### Exercise instructions
The expected output is exactly the lines below, starting at the line with "Shimano FH Free" and ending at the line with "Vionic Blaire Snake", both included; no other line belongs in it.

[Short descriptive text snippets]
==============================

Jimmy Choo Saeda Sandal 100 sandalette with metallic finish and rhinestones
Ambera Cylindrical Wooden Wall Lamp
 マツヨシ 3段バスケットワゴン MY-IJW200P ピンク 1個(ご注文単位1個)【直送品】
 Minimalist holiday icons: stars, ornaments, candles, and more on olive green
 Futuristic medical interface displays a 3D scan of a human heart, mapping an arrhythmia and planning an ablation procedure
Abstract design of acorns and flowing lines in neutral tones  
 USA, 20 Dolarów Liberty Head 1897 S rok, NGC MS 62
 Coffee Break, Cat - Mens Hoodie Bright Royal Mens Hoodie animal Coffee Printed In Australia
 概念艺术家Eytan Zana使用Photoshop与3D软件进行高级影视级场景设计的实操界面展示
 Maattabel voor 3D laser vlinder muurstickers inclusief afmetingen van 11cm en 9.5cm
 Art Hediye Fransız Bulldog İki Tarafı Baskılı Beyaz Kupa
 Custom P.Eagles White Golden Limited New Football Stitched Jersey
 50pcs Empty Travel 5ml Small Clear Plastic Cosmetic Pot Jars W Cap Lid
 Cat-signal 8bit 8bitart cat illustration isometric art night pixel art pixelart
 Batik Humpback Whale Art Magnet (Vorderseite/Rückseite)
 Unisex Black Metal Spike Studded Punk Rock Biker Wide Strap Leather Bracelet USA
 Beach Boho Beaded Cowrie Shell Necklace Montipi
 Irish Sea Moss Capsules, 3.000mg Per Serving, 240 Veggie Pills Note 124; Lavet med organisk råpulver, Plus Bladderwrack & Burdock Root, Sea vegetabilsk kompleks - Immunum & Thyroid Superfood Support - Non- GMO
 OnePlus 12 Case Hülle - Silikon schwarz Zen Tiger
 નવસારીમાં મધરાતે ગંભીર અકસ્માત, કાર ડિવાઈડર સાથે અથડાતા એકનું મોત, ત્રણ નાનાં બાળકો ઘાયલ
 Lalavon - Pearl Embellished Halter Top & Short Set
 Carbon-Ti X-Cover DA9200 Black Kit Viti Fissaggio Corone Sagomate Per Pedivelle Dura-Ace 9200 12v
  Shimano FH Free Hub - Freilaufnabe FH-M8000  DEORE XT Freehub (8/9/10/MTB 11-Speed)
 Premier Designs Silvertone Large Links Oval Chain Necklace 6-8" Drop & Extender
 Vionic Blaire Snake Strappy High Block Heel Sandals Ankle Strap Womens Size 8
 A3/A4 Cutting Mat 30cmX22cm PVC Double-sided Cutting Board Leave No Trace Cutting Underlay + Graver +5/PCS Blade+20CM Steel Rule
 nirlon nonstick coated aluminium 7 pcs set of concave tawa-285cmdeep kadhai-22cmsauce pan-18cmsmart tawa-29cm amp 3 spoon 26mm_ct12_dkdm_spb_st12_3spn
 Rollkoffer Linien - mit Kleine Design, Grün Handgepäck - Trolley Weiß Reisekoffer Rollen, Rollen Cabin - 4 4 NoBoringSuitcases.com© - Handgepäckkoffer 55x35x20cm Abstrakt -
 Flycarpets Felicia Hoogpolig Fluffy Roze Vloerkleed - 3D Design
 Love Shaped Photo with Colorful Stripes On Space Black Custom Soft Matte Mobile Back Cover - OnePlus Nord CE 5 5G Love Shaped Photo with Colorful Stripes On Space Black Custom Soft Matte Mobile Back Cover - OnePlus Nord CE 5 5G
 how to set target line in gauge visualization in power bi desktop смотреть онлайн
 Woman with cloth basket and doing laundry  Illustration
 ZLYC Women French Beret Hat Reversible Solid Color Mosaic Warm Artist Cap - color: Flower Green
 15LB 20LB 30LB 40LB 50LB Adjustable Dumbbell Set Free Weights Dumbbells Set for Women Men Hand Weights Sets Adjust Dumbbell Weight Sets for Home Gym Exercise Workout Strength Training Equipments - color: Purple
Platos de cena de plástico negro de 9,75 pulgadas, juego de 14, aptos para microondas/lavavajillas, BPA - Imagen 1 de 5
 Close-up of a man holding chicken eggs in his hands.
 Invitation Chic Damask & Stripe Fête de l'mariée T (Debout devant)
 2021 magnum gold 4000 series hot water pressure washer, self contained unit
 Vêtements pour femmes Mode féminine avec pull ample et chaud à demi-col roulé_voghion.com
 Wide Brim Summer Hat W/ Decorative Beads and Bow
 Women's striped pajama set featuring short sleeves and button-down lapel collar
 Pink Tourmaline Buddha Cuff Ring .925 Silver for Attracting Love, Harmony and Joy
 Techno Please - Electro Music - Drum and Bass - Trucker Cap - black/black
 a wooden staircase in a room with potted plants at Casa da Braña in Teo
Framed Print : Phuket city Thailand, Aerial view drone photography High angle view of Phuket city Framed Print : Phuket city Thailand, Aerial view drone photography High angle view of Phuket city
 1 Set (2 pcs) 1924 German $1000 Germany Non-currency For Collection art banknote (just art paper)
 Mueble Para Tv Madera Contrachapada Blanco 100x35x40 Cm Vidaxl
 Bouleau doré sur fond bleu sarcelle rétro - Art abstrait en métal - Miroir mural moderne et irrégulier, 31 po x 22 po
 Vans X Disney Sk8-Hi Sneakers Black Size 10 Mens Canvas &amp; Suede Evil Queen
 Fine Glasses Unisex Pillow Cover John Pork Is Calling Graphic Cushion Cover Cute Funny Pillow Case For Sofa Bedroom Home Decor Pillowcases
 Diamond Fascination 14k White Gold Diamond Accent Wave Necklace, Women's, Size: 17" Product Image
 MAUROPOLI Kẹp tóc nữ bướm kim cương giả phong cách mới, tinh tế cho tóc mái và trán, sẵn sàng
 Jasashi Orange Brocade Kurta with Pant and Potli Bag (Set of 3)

==============================

### Final answer
  Shimano FH Free Hub - Freilaufnabe FH-M8000  DEORE XT Freehub (8/9/10/MTB 11-Speed)
 Premier Designs Silvertone Large Links Oval Chain Necklace 6-8" Drop & Extender
 Vionic Blaire Snake Strappy High Block Heel Sandals Ankle Strap Womens Size 8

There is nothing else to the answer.